## WHAT YOU ARE ASKED TO DO
What is needed is a verbatim copy of the data, minus the pictures.

## PROVIDED DATA

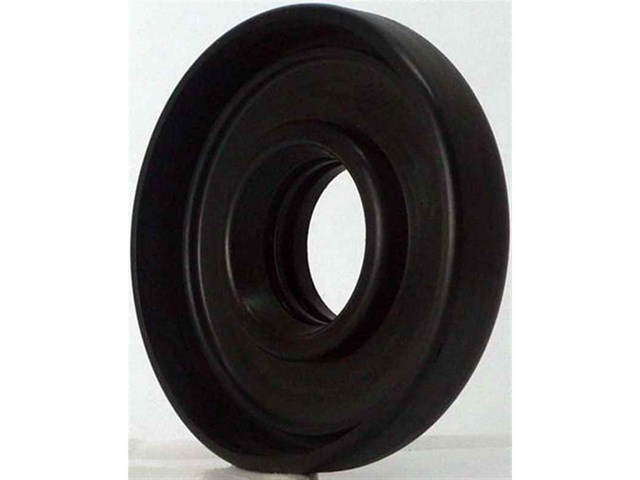  Emmetec F00038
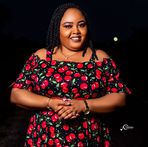 Joan Ama Dart - Facebook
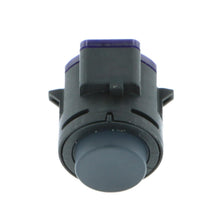 Load image into Gallery viewer, PPS252 Standard Ignition Parking Aid Sensor Standard Ignition Canada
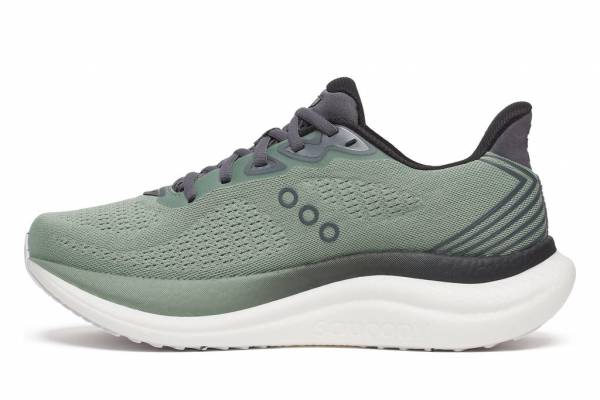 SAUCONY Triumph 23 (Herren)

## SOLUTION TO THIS EXERCISE
  Emmetec F00038
 Joan Ama Dart - Facebook
 Load image into Gallery viewer, PPS252 Standard Ignition Parking Aid Sensor Standard Ignition Canada
 SAUCONY Triumph 23 (Herren)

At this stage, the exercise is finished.